### Input data
※ ※ ※
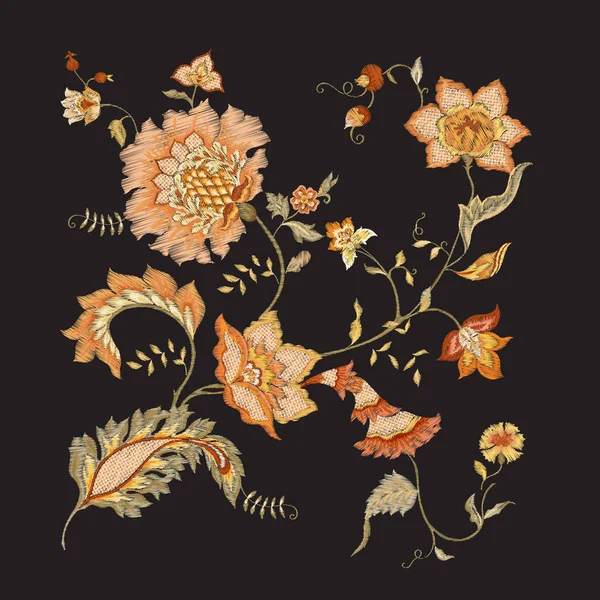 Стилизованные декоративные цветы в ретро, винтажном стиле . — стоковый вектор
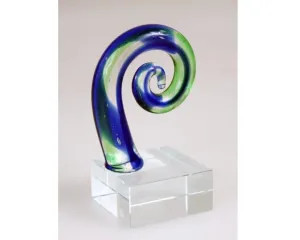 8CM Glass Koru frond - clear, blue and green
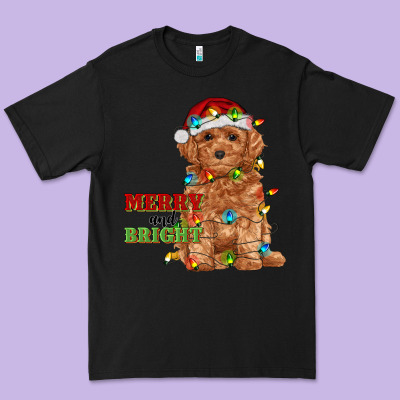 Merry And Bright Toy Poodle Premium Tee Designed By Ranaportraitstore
※ ※ ※
### Work order
Write the listing out a second time exactly, dropping all images.

### Solution for this task
 Стилизованные декоративные цветы в ретро, винтажном стиле . — стоковый вектор
 8CM Glass Koru frond - clear, blue and green
 Merry And Bright Toy Poodle Premium Tee Designed By Ranaportraitstore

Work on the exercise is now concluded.